§ Task to complete: Please copy exactly the part of the records below that opens with the line containing "Zápichová solární lampa" and closes with the line containing "Masterpiece, Best quality, High", leaving out any pictures.

§ Data for this exercise:
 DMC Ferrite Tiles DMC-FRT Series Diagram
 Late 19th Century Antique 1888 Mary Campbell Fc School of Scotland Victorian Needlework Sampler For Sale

---

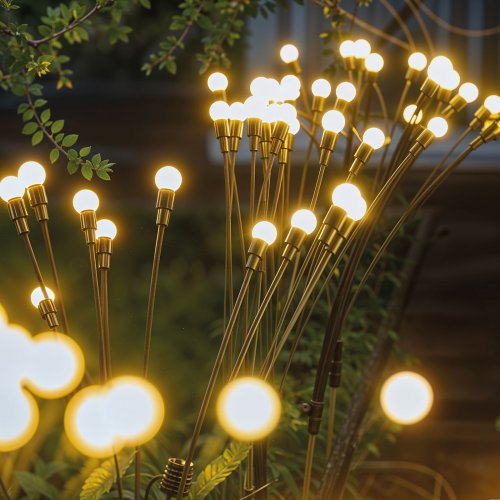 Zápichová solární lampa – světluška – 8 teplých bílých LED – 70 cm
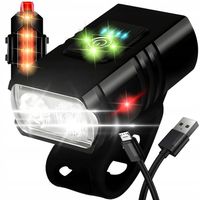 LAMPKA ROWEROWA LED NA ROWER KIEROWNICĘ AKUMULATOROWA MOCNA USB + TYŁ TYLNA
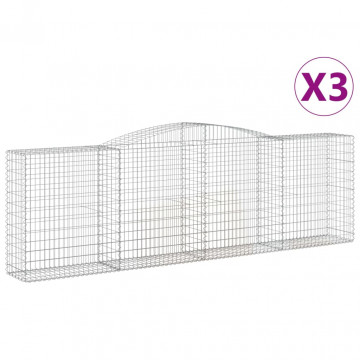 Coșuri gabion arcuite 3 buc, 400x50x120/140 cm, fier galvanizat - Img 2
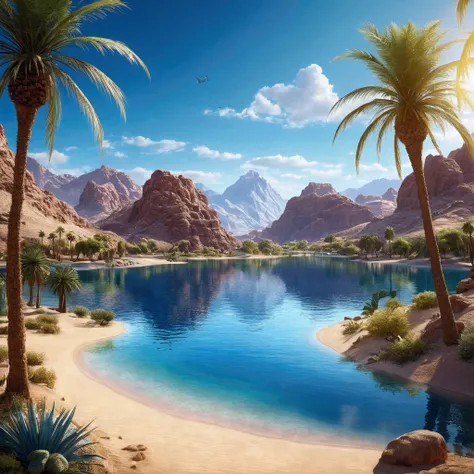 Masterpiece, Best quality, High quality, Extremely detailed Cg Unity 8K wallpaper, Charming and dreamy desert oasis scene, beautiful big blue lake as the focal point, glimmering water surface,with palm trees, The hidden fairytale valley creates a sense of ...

§ Exercise response:
 Zápichová solární lampa – světluška – 8 teplých bílých LED – 70 cm
 LAMPKA ROWEROWA LED NA ROWER KIEROWNICĘ AKUMULATOROWA MOCNA USB + TYŁ TYLNA
 Coșuri gabion arcuite 3 buc, 400x50x120/140 cm, fier galvanizat - Img 2
 Masterpiece, Best quality, High quality, Extremely detailed Cg Unity 8K wallpaper, Charming and dreamy desert oasis scene, beautiful big blue lake as the focal point, glimmering water surface,with palm trees, The hidden fairytale valley creates a sense of ...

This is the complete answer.